The kit is designed to add the cockpit after the fuselage halves have been joined. A fine idea except there is no positive locator pins or tabs. As a result, after I had mine in place and the wings strongly glued in place, my cockpit came adrift! It was a real chore to get it back in place and basically, I just flooded the area with superglue and poked the cockpit into place with the help of tweezers and paintbrush handles stuck in some of the larger exhaust openings. So beware! Another problem with the fuselage was the fuselage antennas. They are a separate piece that fits in the fuselage like a plug when the halves are put together. There is no way to cleanly remove the gap around this part. I would have preferred separate antennas that would be easier to clean up.
The other area of building problems was the wing/fuselage join. Not good at all and several applications of putty and sanding needed done to get it to fit. Also a troublesome fit was the main landing gear. They are installed in the wing prior to fitting the wing halves together. Mine were both warped and needed to be straightened out as best I could with hot (not boiling) water. In fact, warpage was a problem with the wings as well. Another area of concern in the wings was the installation of the guns. They are a separate piece that fits into the wing leading edge. The idea is to prevent breakage of the guns during construction. However, the fit of these inserts is very poor and almost impossible to clean up if installed as per instructions. I recommend installing the inserts with a backing plate first to allow the inevitable filling and filing. Once the kit is complete, the guns can be separated and installed. The rest of the kit assembled well. The engine is a beauty and simple washes and drybrushing really bring out the detail. For under wing stores, you have a choice of rockets, bombs, or drop tanks. I chose the drop tanks. I had been warned that they were very fiddly to install, but had no real problems with them.
Painting the P-47N requires you to be comfortable with natural metal finishes. There were none that were camouflaged. This for me, meant Testor's Metallizers. First, though, I painted the entire aircraft gloss white. This covers the putty well and prepares the aircraft for the metallizer. The tail was then painted gloss yellow as I wanted to do the 73FS scheme. The fuselage top was then painted olive drab and masked. After that, the rest of the aircraft was painted aluminum. You need to fill the wheel wells and cockpit with tissue to prevent problems with overspray as they are painted zinc chromate yellow.

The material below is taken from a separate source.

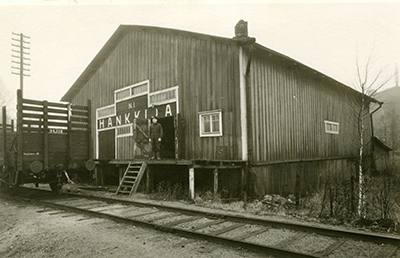 Hankkijan ensimmäinen varasto Malmilla 1906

Once the paint has dried, it is time for decals. I wanted to do a version different from the Scalemaster decals provided in the kit. I bought an Aeromaster sheet that was better detailed. A warning regarding the Aeromaster sheets in that they are not designed for the Promodeler kit, but the Academy one instead. A result of that is the tail stripes in the Aeromaster sheet do not fit, so I used the kit decals for this and the insignia. The kit decals worked well but were brittle and easily broke. Aeromaster's were superb and very sharp.
The end result belies the efforts used in construction. I have not built the Academy kit, but it could not be any more trying than the ProModeler version. While I recommend the kit, the reader must be aware that it does not 'fall together' and will challenge some of your modeling skills.